Cognitive Dissonance is the inability for someone to replace past ideas or truths when overwhelming evidence is presented to us.  To hold onto the past and past ideas build up inside of us, and we refuse to let them go.  Such actions lead us to become stuck, unwilling to listen to anyone but oneself no matter the cost it is to self and to others.  


For example, the mind of a drug addict falls into this category.  No matter the insurmountable evidence there is to the nature of their problem, many refuse to acknowledge their problems and are dissonant to their very life.  


I remember my college days when I had a professor who was also a politician. One afternoon our class discussion grew heated. Sitting a few  seats away from me was a twenty-year combat veteran, a disciplined man nearly twice my age.  As the conversation unfolded, the two began to wrestle with words about facts and ideas. The veteran calmly laid out his reasoning point by point. Many of us in the room quietly nodded along as he spoke.  Yet when he finished, the professor simply leaned back in his chair and replied, “No… you’re wrong.”  In the end, absolute truth comes from questioning the world, listening to others, and having open dialogue to come to life’s truths about the reality of the world.  


Just like life, science is a discipline centered around questioning.  Edison failed 100’s of times before inventing the light bulb, Tesla failed countless times in his endeavors to develop, scientists all over the world fail constantly yet their questioning about their failure leads them to change one variable and try again.

 In my early to mid 20’s, science was what fascinated me, I thought about it all day, everyday.  As my knowledge grew, I would have conversations with friends.  Even though they would say, “Sean, you’re much smarter than me,” I would listen to what they said and replace irreverent or completely wrong interpretations and start anew. 

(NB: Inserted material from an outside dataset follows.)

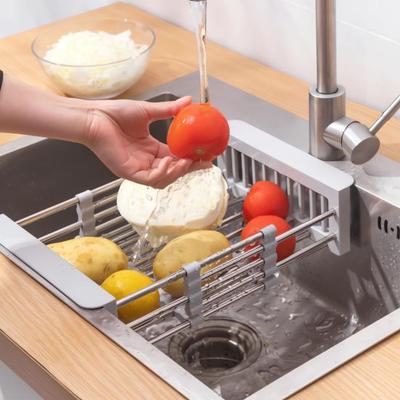 Zusammenklappbares Spülbecken-Abtropfgestell Verstellbarer Ausziehbarer Geschirrabtropfkorb Platzsparendes Spülbecken-Organisationssystem Multifunktionales Besteckgestell für Zuhause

 I remember back to a few years ago I got a random email from a Physicist in another country about my videos on Feynman Diagrams and quantum entanglement.  He said he was inspired by my video, yet I was slightly wrong about what I said.  Although I was down for a minute, I took it for what it was worth and replaced my knowledge with what was more correct.  


Even though we as individuals can’t change the way we learn, we can certainly change the way we think.  The brain’s neural-plasticity and science specifically state this fact.  The brain over time, rewires itself over time as we grow and learn.  To stop the natural process of life and the way the brain works is like withholding growth for oneself. 


Ego plays a significant role in such trains of thought.  To hold onto one’s ego through such questioning, is to do a disservice to oneself and others.  In the end, this is the nature and reality of life as humans, we are quick to talk, yet slow to listen, and replace what is wrong with absolute truths.  Stubbornness is meant for the mule, not for man.